11/01/17 01:55:38 jx1yxKL2
>>287続き
「…私がこの傷を負ったのは…そうね、まだ探偵として駆けだし中の頃、とでも言えばいいのかしら。
私が相手をしていたのはとある犯罪組織。私はいくつかの事件を解決していく過程で、その存在を知ったの」
どうせ今日で終わりなんだ。
傷の経緯くらい、幾らでも話せばいい。
「…自分の力を過信していた、というのもあるし、周囲からの評価が欲しかった…焦っていたんでしょうね。
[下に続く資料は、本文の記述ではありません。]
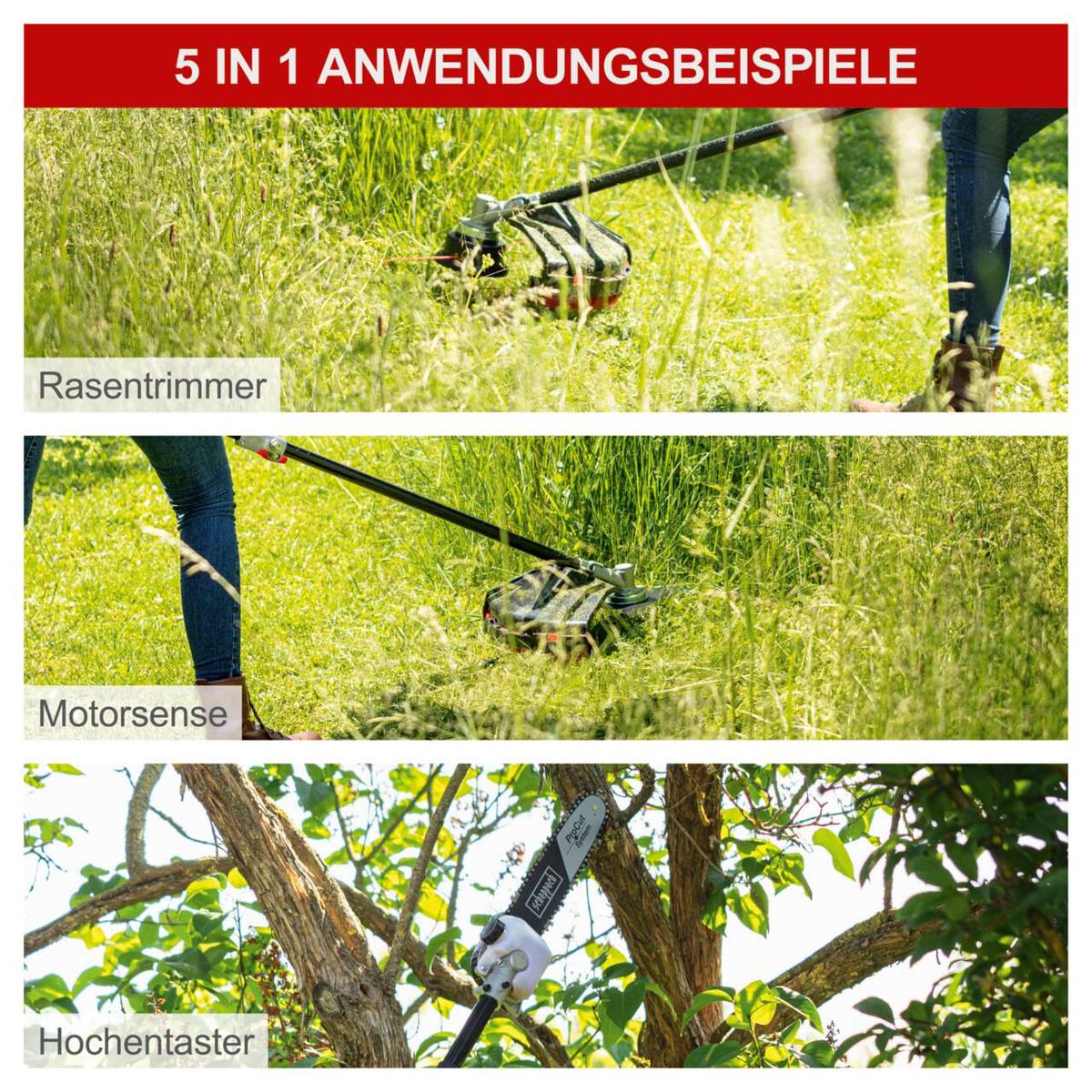 Multifunktionswerkzeug mit Rasentrimmer-Funktion für Rasenpflege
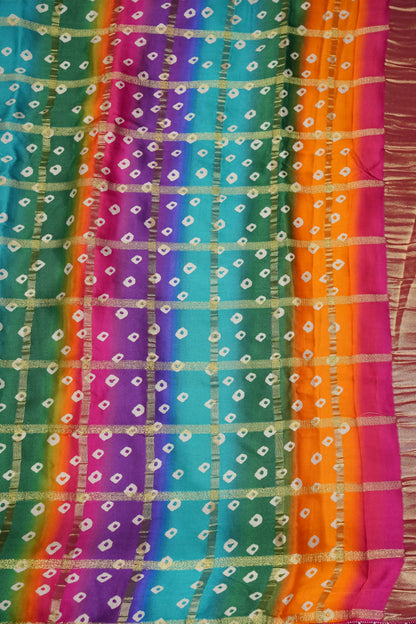 Ivory & Hot Pink Gajji Silk Saree with Multicoloured Bandhani Pallu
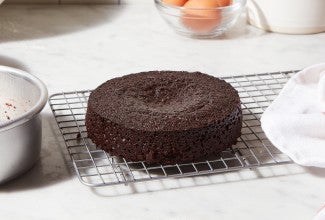 Chocolate cake with a sunken center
とにかく私は、数名の仲間と一緒に、その犯罪組織の根城を探し当てた…けれど、
仲間の一人に、内通者がいたのね。私は根城に潜り込んだのだと思っていたのだけれど、実はその逆。
彼らにおびき出されたのよ。その根城の最奥まで。
逃げることは難しくなかった…けれど、人質を取られたの。その人質というのが…」
「本当は、その内通者だったんだね」
「そういうこと。よくわかったわね。探偵業が身についてきたのかしら?」
彼は私の茶化しも介せず、続けるように促した。
「…もちろんその時の私はそんなことは知らなかった。プライドを捨てて、彼を助けてくれるように頼みこんだ。
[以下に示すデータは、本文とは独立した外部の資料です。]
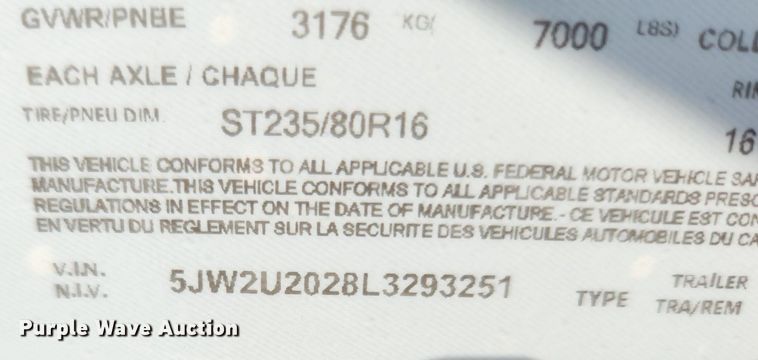 image for item MW9579 2020 Sure-Trac  equipment trailer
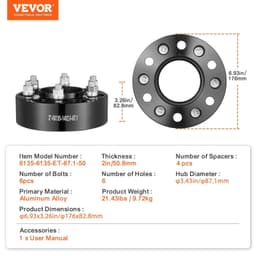 image-VEVOR Wheel Spacers, 2" 6"x5.3" Wheel Adapters, 6 Lug Forged Spacer, 87.1 mm Bore Hubcentric M14 x2 Studs Spacers, Fit for Ford Expedition, F150, Lincoln Navigator, 4 PCS Black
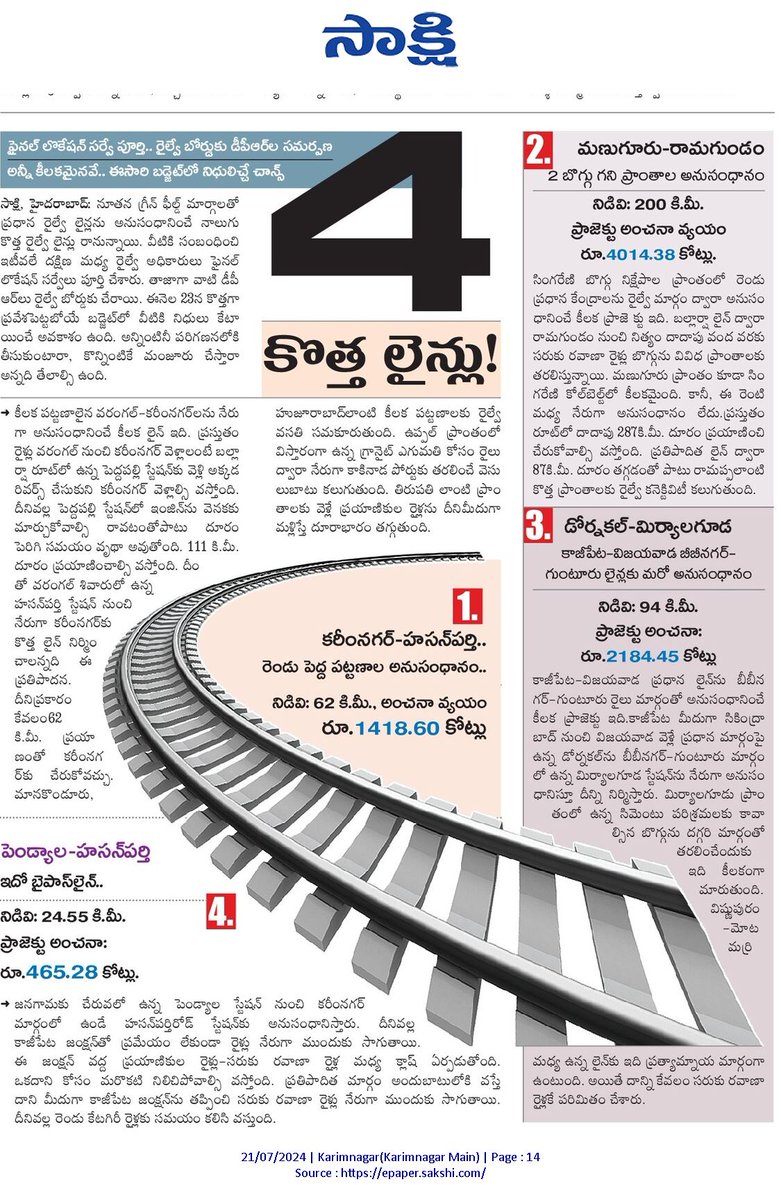 Rakeshmalyala1's tweet photo. #karimnagar-#hasanparthy #RailwayLine @bandisanjay_bjp @KadiyamKavya @G_Karimnagar @NTreal123 @PhaniPeddapalli https://t.co/ECuqyutAm4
そこで彼らが出した案は、『その犯罪組織に伝わる拷問に耐えきれば、彼も私も無傷で解放する』というもの」
「拷問…」
「焼却炉の中に自ら手を入れ、30秒耐えきれば合格、というシンプルなものよ」
苗木君の顔が青ざめる。
「本来のルールでは、手枷なんかをして、無理矢理30秒耐えさせる、というのがあるらしいのだけれど…
私にはそれをさせず、その代わり耐えきれず早く手を出してしまえば、目の前で彼を殺すと言われたわ。